▶ **Your task**: Retyped exactly and without pictures, the lines from the one with "Smiley Face Lanyard: Breakaway" through the end of the listing must form the entire answer.

<<<<

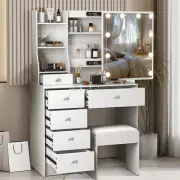 Dressing Table LED Makeup With Slide Mirror Stool Set Vanity Desk 10 Bulbs White
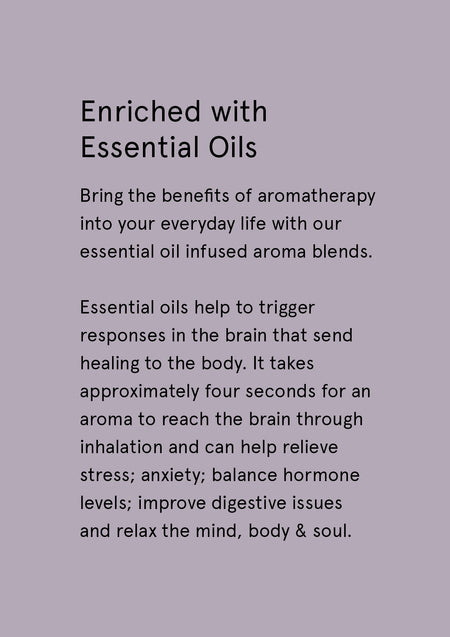 Lilac text card from The Aromatherapy Co describing its essential oil blends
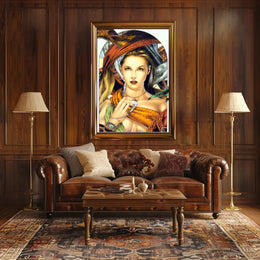 Mystical Elegance Woman in Earth Tones Artistic Poster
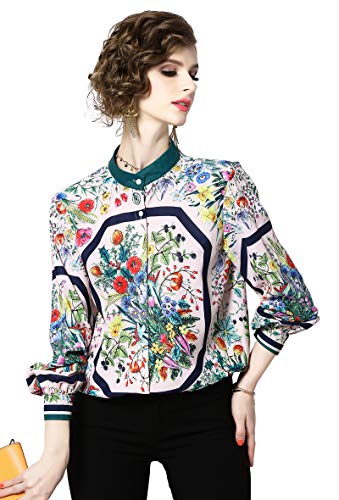 LAI MENG FIVE CATS Women's Collared Neck Floral Print Shirt Casual Long Sleeve Button up Blouses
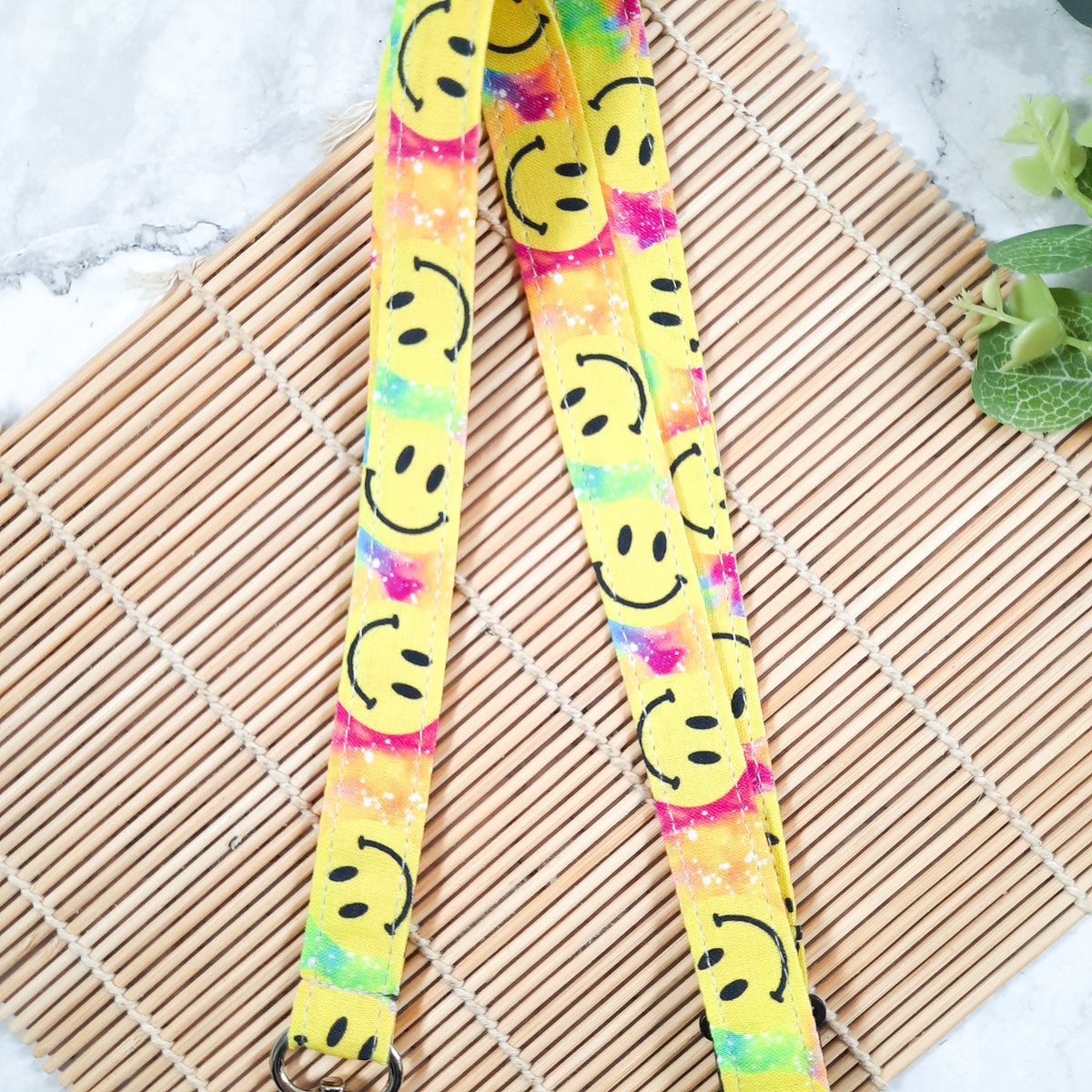 Smiley Face Lanyard: Breakaway ID Holder, Cotton Fabric Keychain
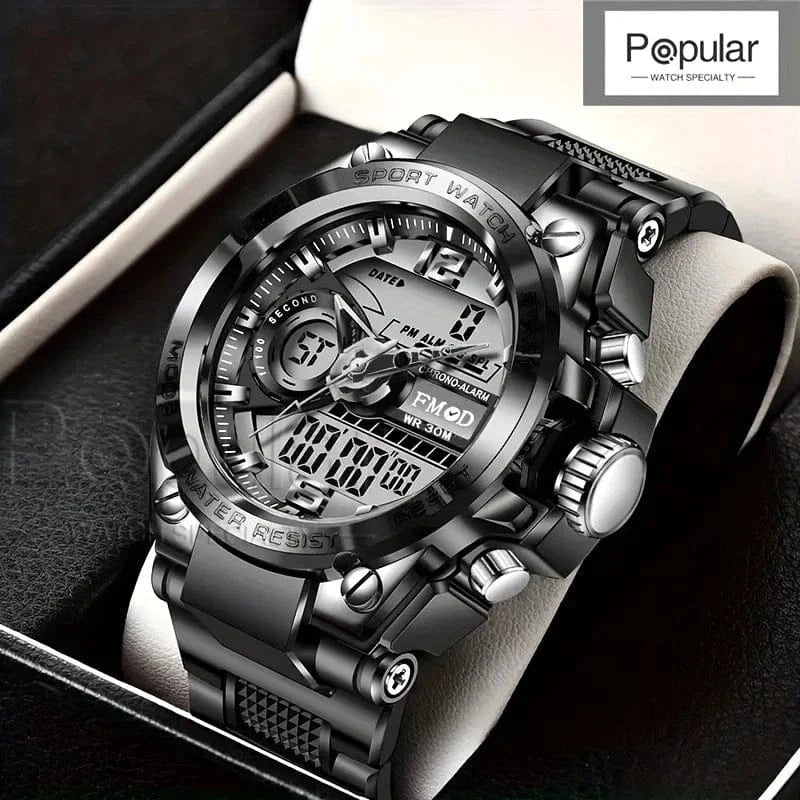 Digital Men Steel Military Wristwatch LED Quartz ClockSport Watch Male Big Watches Men Relogios Masculino - FastZen
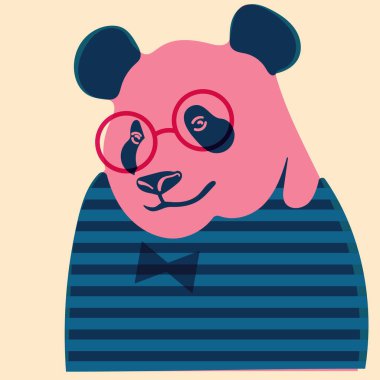 Panda in glasses. Avatar, badge, poster, logo templates, print. Vector illustration in a minimalist style  with Riso print effect. Flat cartoon style clipart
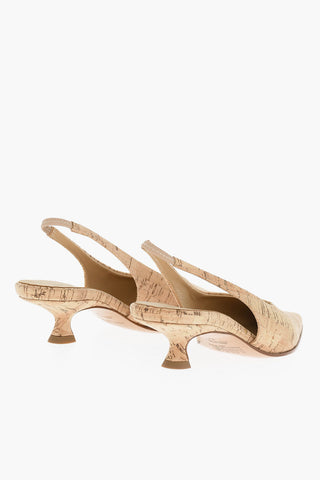MM6 Wood-effect Slingback with Spool Heel 6cm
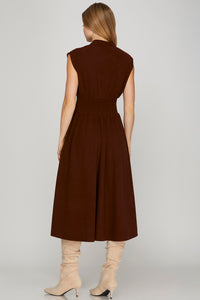 Wine Twill Zip Dress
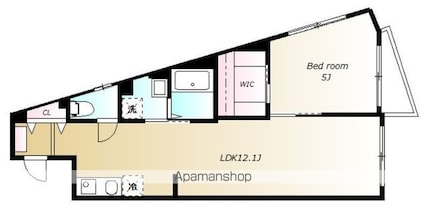 クレストール下馬[1LDK/39.48m2]の間取図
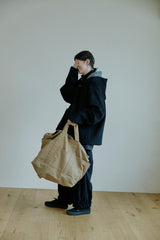 ウールフードコート/unisex wool hood coat black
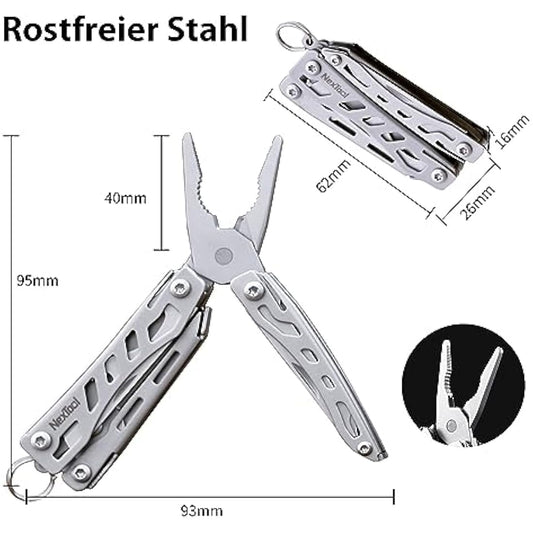 NexTool Mini Flagship 10 in 1 Multi-Tool, Multitool with Multitools Pliers, Camping Pliers, Can Opener, Scissors, Screwdriver, Bottle Opener, Gifts for Men, Father's Day Gifts-Silver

>>>>

▶ **Task output**:
 Smiley Face Lanyard: Breakaway ID Holder, Cotton Fabric Keychain
 Digital Men Steel Military Wristwatch LED Quartz ClockSport Watch Male Big Watches Men Relogios Masculino - FastZen
 Panda in glasses. Avatar, badge, poster, logo templates, print. Vector illustration in a minimalist style  with Riso print effect. Flat cartoon style clipart
MM6 Wood-effect Slingback with Spool Heel 6cm
 Wine Twill Zip Dress
 クレストール下馬[1LDK/39.48m2]の間取図
 ウールフードコート/unisex wool hood coat black
 NexTool Mini Flagship 10 in 1 Multi-Tool, Multitool with Multitools Pliers, Camping Pliers, Can Opener, Scissors, Screwdriver, Bottle Opener, Gifts for Men, Father's Day Gifts-Silver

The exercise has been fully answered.